Adalatherium hui skeleton

Adalatherium hui skeleton.

By Warren Nunn

Meet the creature that paleontologists are calling the crazy beast. It’s a mammal from Madagsacar with such odd features that it has been assigned a new genus and species, Adalatherium hui.

Its front teeth apparently continually grew and it also had pointy back teeth. Spinal bony projections indicate it had strong back muscles. And the research team is confounded by a hole above its snout.

First found in 1999, the skeleton has long been studied and its ribs even contain fossilized soft tissue.

But this is the first time the public gets to see what the remains look like and how the creature may have appeared when it was alive.


What you have just read above is my quick take on a fossil find that gained much attention this week.

It is short, factual, and free of any comment.

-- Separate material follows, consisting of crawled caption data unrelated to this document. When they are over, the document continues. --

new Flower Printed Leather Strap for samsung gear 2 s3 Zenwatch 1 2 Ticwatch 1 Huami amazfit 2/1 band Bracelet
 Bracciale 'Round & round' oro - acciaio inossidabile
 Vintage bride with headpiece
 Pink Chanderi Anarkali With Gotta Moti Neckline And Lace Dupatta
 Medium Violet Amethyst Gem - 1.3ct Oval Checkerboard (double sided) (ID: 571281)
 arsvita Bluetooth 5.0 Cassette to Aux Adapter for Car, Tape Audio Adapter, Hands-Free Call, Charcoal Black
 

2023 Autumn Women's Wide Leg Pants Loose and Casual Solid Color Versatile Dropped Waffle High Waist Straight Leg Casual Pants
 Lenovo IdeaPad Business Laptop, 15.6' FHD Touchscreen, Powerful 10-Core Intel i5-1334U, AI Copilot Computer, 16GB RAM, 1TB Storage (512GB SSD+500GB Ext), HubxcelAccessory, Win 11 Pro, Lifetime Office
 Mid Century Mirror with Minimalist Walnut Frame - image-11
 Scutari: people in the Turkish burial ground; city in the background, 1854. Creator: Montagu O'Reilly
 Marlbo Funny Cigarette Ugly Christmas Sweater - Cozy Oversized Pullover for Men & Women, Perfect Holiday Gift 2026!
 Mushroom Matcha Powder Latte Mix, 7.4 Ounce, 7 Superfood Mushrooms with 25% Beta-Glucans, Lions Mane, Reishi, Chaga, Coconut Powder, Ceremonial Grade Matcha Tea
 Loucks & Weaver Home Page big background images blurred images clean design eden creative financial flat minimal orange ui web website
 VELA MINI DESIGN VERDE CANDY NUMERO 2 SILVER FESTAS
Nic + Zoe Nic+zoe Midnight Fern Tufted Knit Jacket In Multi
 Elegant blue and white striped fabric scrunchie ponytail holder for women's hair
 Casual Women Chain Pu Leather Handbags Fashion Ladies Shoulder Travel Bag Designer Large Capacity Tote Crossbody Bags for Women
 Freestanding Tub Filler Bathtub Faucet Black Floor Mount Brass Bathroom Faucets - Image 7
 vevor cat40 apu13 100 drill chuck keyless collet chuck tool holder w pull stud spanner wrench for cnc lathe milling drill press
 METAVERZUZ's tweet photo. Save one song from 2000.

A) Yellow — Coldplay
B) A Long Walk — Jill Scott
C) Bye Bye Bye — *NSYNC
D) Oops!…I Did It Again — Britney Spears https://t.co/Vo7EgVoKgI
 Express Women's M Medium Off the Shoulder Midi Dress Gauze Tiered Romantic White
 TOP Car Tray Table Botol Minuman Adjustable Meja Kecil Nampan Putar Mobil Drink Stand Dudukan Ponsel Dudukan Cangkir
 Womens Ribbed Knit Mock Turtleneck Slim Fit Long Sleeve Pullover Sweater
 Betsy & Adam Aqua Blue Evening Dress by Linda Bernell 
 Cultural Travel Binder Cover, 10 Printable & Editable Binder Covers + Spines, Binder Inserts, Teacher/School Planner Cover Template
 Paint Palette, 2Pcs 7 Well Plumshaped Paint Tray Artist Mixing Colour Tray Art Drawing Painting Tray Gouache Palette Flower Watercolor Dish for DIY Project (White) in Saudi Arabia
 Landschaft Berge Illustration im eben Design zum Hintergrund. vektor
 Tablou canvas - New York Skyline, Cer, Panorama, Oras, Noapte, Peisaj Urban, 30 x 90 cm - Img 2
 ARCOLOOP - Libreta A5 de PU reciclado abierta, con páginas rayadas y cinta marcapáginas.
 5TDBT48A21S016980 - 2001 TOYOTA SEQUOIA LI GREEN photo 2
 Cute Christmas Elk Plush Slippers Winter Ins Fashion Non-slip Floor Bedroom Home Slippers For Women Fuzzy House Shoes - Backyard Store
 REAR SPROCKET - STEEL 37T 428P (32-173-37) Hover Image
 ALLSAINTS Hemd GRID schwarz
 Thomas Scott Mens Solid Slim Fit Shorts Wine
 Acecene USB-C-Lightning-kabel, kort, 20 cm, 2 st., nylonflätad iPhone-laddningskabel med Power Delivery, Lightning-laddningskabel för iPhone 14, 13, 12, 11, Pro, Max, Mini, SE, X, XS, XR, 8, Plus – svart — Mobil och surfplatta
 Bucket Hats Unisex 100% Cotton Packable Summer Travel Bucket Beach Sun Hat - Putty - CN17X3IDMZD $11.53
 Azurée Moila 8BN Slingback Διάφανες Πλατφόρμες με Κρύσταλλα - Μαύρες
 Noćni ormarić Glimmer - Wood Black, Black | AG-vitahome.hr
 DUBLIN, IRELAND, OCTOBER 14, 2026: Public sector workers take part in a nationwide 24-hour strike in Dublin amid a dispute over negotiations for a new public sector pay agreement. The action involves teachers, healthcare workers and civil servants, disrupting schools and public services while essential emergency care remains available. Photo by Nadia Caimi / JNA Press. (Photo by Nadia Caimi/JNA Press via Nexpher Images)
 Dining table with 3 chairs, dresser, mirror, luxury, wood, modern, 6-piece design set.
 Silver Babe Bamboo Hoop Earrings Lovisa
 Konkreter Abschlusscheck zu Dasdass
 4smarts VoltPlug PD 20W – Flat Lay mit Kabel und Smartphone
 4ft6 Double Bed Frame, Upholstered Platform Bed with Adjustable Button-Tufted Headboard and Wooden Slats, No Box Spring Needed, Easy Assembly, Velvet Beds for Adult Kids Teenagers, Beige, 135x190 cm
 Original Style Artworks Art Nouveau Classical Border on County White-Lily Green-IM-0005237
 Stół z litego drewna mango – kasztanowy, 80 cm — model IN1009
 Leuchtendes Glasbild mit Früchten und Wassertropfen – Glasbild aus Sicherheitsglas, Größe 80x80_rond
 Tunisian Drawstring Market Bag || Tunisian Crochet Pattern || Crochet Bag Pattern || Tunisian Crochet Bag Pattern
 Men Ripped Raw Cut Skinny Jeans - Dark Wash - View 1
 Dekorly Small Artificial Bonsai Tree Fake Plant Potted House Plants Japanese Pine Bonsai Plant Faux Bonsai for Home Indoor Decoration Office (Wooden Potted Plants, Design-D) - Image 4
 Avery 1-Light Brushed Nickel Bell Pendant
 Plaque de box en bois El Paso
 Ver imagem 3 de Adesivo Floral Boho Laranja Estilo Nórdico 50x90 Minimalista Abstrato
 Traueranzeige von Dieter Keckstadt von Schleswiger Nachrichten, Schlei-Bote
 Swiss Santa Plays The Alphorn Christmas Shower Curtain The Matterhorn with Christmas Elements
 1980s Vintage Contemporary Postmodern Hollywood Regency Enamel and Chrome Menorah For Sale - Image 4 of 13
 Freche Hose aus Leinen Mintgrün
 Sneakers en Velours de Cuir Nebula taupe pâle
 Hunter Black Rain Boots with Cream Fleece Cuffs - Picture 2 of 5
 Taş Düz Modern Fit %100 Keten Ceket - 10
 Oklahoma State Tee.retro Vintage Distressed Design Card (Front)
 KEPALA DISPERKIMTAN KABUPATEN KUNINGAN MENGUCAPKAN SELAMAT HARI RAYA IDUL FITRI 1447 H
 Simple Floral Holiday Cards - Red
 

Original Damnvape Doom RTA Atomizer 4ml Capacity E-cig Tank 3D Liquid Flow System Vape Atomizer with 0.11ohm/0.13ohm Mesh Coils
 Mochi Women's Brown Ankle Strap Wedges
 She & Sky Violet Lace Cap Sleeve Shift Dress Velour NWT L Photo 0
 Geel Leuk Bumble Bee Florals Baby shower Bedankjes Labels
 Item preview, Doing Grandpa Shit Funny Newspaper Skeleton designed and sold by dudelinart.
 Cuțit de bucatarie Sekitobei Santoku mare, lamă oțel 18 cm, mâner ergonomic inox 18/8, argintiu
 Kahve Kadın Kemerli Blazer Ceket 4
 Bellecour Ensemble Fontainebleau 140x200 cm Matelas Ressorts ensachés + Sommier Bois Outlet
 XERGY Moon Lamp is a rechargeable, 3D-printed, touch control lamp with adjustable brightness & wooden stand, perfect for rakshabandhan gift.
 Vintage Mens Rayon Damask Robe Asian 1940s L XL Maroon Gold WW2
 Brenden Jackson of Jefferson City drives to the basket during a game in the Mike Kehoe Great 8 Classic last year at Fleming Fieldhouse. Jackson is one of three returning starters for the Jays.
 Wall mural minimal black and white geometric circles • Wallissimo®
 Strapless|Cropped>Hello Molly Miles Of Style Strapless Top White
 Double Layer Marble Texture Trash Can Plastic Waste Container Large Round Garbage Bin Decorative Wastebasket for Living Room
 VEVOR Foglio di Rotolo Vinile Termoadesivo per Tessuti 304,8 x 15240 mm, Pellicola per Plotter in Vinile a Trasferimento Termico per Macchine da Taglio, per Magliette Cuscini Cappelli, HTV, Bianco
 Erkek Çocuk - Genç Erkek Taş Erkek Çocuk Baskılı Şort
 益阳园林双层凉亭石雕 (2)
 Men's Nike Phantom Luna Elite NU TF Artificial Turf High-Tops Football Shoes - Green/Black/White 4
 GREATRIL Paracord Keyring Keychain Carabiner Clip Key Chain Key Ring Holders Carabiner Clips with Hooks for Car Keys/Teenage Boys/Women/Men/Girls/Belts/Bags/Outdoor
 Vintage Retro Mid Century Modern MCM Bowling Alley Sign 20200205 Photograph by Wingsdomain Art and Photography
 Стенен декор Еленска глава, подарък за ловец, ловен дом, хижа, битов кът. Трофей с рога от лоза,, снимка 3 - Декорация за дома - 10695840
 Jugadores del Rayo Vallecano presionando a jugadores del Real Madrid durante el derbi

How did the media report it?

However, that’s not how the media reported the announcement.

Under the heading, My, what big teeth and strange bones you have. Scientists discover a creature that roamed south of the equator 66 million years agoThe Washington Post published a less-than-balanced report.

The article starts with several unsubstantiated statements that should be questioned.

Sixty-six million years ago, before the age of dinosaurs came to a fiery close, most mammals were puny and shrew-like.

Sixty-six million years ago… While most scientists accept dating methods, we are being told something that cannot possibly be verified.

Before the age of the dinosaurs… Again, no-one can possibly look back in time and know for sure that there was an ‘age of dinosaurs’, whatever scientists deem that to be or how they describe it.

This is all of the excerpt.